Life in Grenoble

Life in Grenoble

Friday, May 16, 2014

Zoe describes the life of a Grenoblois

Ok, so I’ve spent a bit of time here in Grenoble now… I’m getting to know life here and I’ve been integrating into French culture and what goes on in daily French life.

Obviously, there are regional differences when it comes to France – Grenoble is no different. You’ll find that no two French regions are quite the same – each city has its own culture and lifestyle. Grenoble, being right at the foot of the Alps (they don’t call it the Capital of the Alps for nothing) has a distinct way of life that is almost exclusive from its location and neighbors.

The city isn’t without its charms and quirks, so here’s the lowdown on some of the things that get to you over time.

So, without further ado… You know you’re living in Grenoble when:

You know to pack a raincoat… even when it’s scorching – Sadly, wearing shorts just because the day started off at 65 degrees is not going to cut it. Believe me, when you least expect it, the heavens will open and you’ll get caught out. The rain can arrive suddenly off the mountains and for the first few weeks it will catch you out. No matter, because after a while you’ll have learnt to pack that raincoat or umbrella just in case.

You remember that a coffee is just an espresso – For a little time, you will forget this. You’ll ask for a coffee and you get a little thimble. No, I really didn’t pay nearly 2 euros for something that you could drink in one shot. Eventually, you’ll learn that you need to ask for an ‘allongé’ to get anything larger than something fit for a small rodent.

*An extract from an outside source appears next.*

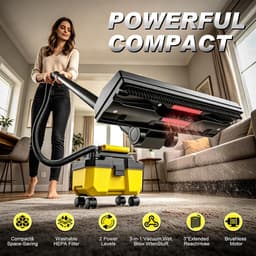 SnelShoppen - 3-in-1 Nat- en Droogzuiger met Borstelloze Motor 3000W - Draadloze Werkplaatsstofzuiger met HEPA-filter, 2x 4,0 Ah Accu, Blaasfunctie en — thumbnail 4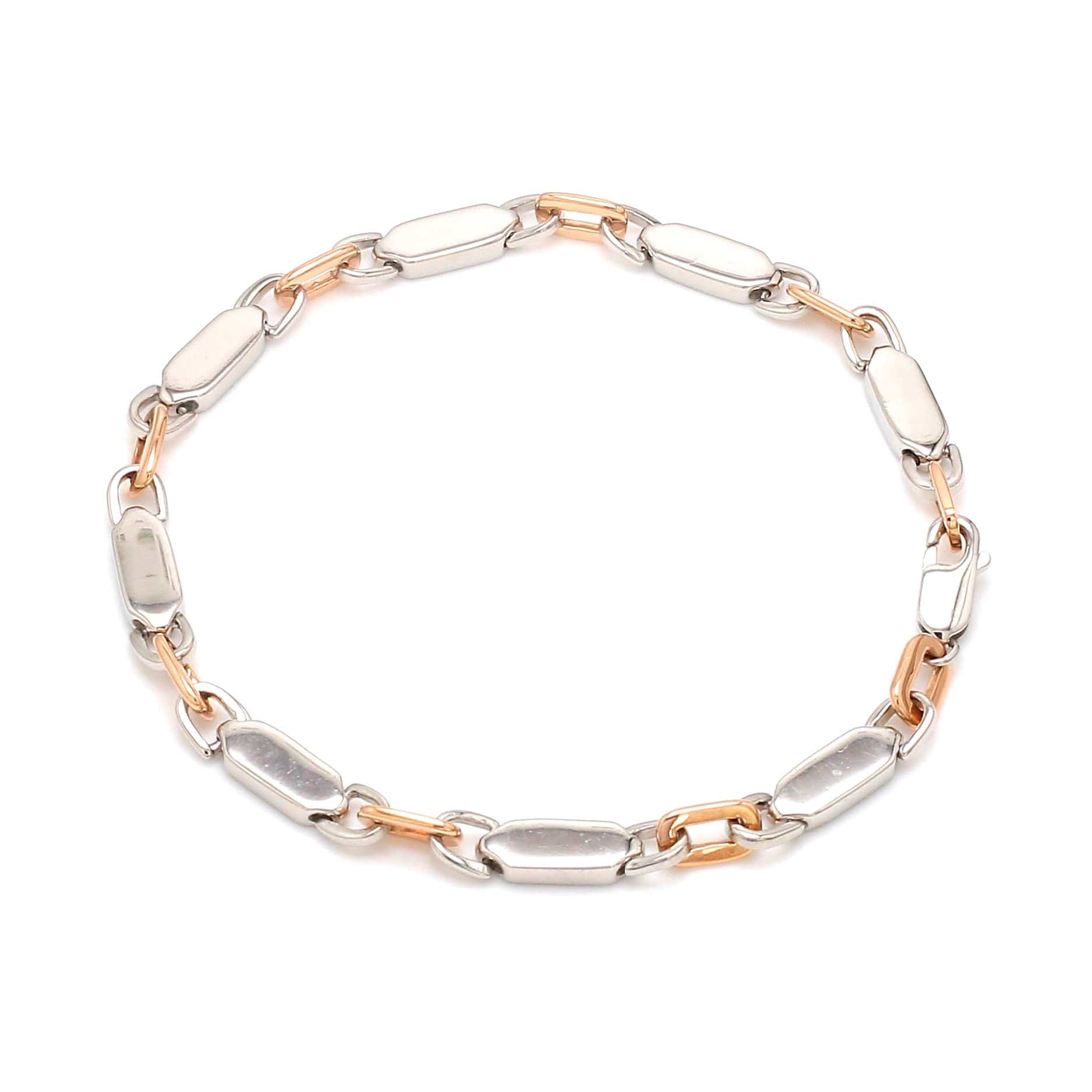 Jewelove™ Bangles & Bracelets 4.75mm Platinum & Rose Gold Bracelet for Men JL PTB 1279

This is common all over France but especially true of Grenoble, where in the winter months all you want is a nice large coffee to warm you up…

You know the difference between Gratin Dauphinois and Tartiflette – Grenoble locals will almost be offended if you confuse the two. Everyone round here obviously knows that the latter has got bacon in it and it comes from the local area. Tartiflette is a local specialty and is almost a regional pride kind of thing. Speaking of which….

You understand that Chartreuse is to be consumed carefully – The first time someone offers it, you love the idea of having one of them – it’s like tequila, right? Nope. Next thing you know, you wake up in the morning with a colossal headache wondering why this is happening to you.

Chartreuse is to be enjoyed sparingly – the odd error of ‘one too many’ will serve as a very timely reminder to you.

You know every tram and bus stop within a three mile radius including their schedules– At first it confuses you no end… I mean, the wide range of options to get from A to B is baffling and the way you pay looks all strange. However, once you get yourself a pass and you begin to understand where all the stops are, everything else becomes really easy. You’ll even be able to imitate the female announcer’s voice for each stop on the tram.

The walk up the Bastille ‘isn’t that bad’ – Once you’ve been up the first time, you realize it isn’t so bad. Honest.

You get annoyed by all the skiers clogging up the trams in the skiing season – You wouldn’t think there could be so many skiers on planet earth, could you? Nope, you’re wrong. They ALL descend on the city for their skiing breaks and they make life impossible for the average resident.

You can be sunburnt and frostbitten all in the space of a week – I’m ridiculously pale. You get the idea.